The WSJ looks at the public offering of Israeli drug development company Vascular Biogenics, calling it “one of the most creatively botched IPOs in memory.”
Onswipe, a four-year-old, New York-based startup that allows publishers to create tablet- and smartphone-optimized versions of their websites, has been acquired by the ad tech company Beanstock Media for an undisclosed amount of cash and stock. Beanstock is self-funded. Onswipe had raised $6 million from investors, including Lerer Hippeau Ventures, SV Angel, Morado Venture Partners, Eniac Ventures, Thrive Capital, and Spark Capital.
Zofari, a two-year-old, San Francisco-based local recommendation app that helps match users with places they’re likely to enjoy visiting, has been acquired by Yahoo. Terms of the deal aren’t being disclosed, but Zofari’s four employees are joining Yahoo, reports TechCrunch.

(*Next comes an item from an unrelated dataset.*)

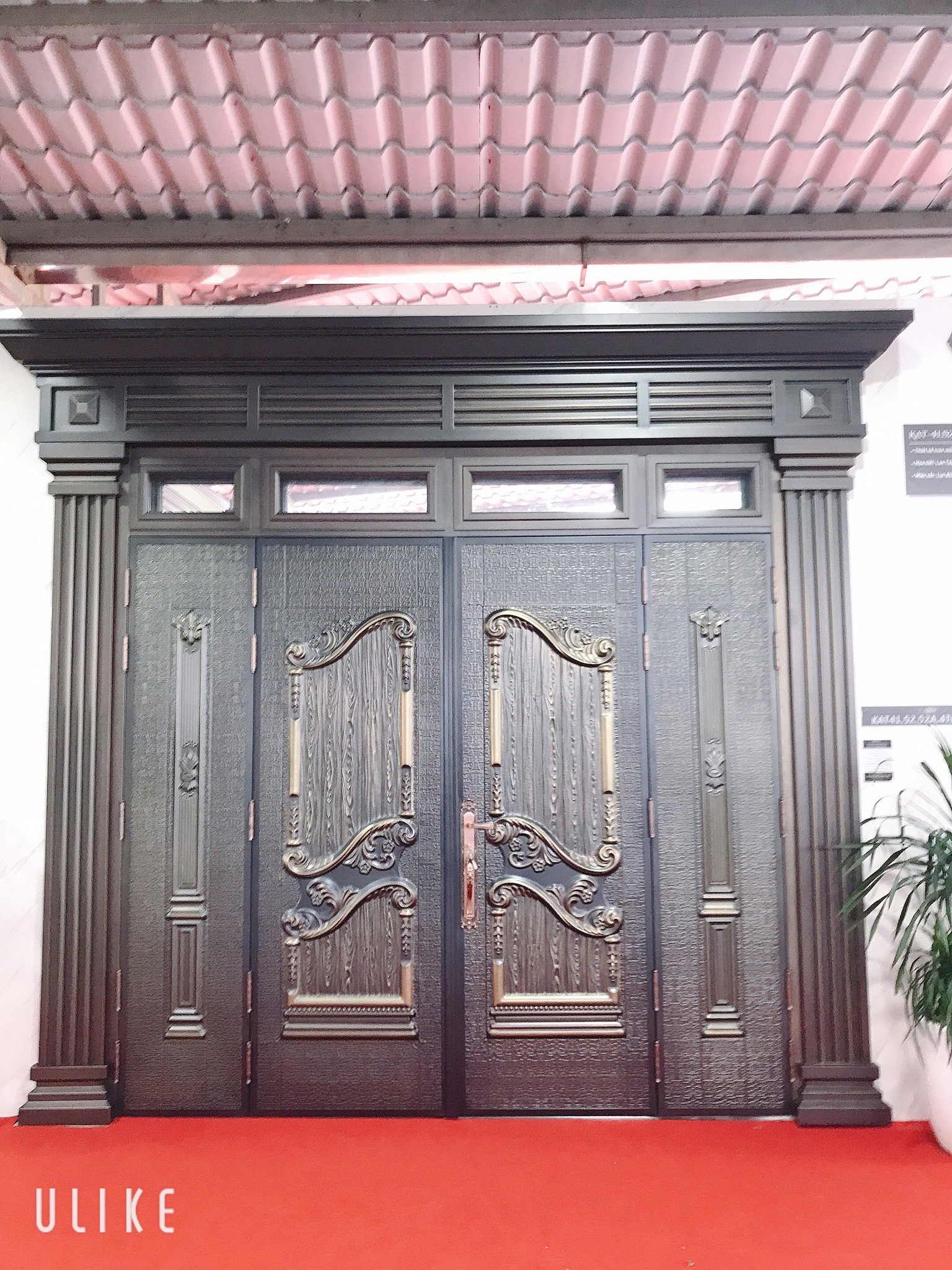 Cửa thép vân gỗ có bị gỉ sét không - Công trình thực tế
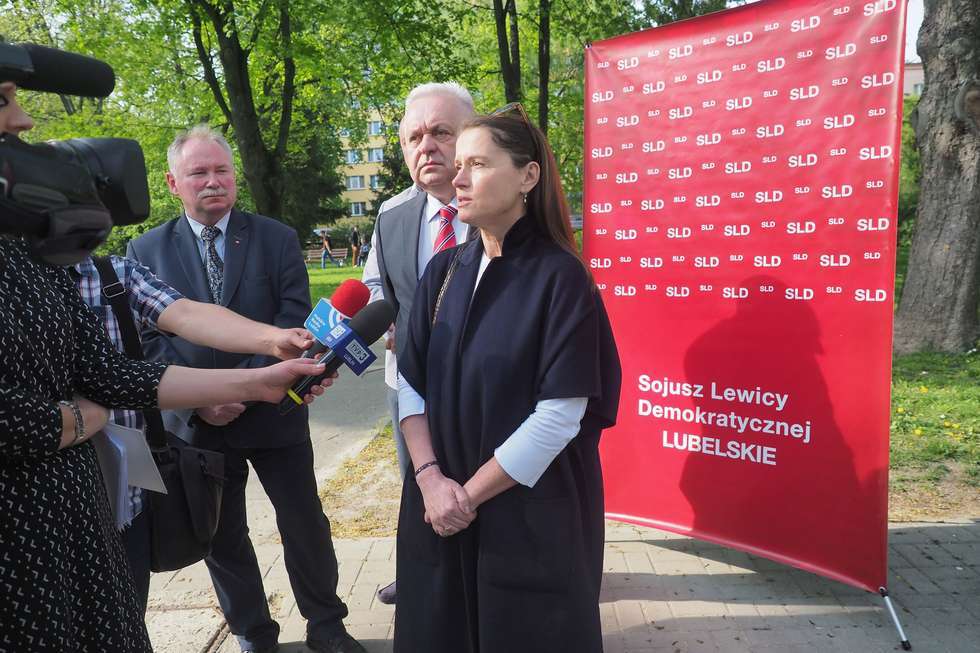  Monika Jaruzelska w Lublinie o ustawie degradacyjnej (zdjęcie 1) - Autor: Wojciech Nieśpiałowski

Edward Snowden gives NSA whistleblower James Bamford the most extensive interview about his story to date, saying he intended to make it fairly clear to the NSA which documents he took and copied, so he would be seen as a whistle-blower and not a spy for a foreign government. “I figured [the NSA] would have a hard time” finding his trail of digital bread crumbs, Snowden says. “I didn’t figure they would be completely incapable.”
According to BuzzFeed, a standoff between the Winklevoss twins and debtholders killed the discount-tracking app they’d invested in, Hukkster. More here.
Amazon is looking for a director of corporate development to focus on Amazon Web Services. The job is in Seattle.
Amazon has unveiled its own mobile card readers and — surprise — it “savagely” undercuts both Square and PayPal on price.
LinkedIn expects to create a new billion-dollar business in three years. Business Insider has the details.
Chinese scientists have used x-rays to image the blood vessels in a heart with unprecedented detail. The trick? Injecting it with liquid gallium.
Why it’s probably best to avoid antibacterial soaps.
Audrey Hepburn’s granddaughter, photographed by Richard Avedon’s grandson.
A handy wind-up shredder, for, you know, orgami art, destroying documents on the fly, etc.
Now you can fly private, on the cheap.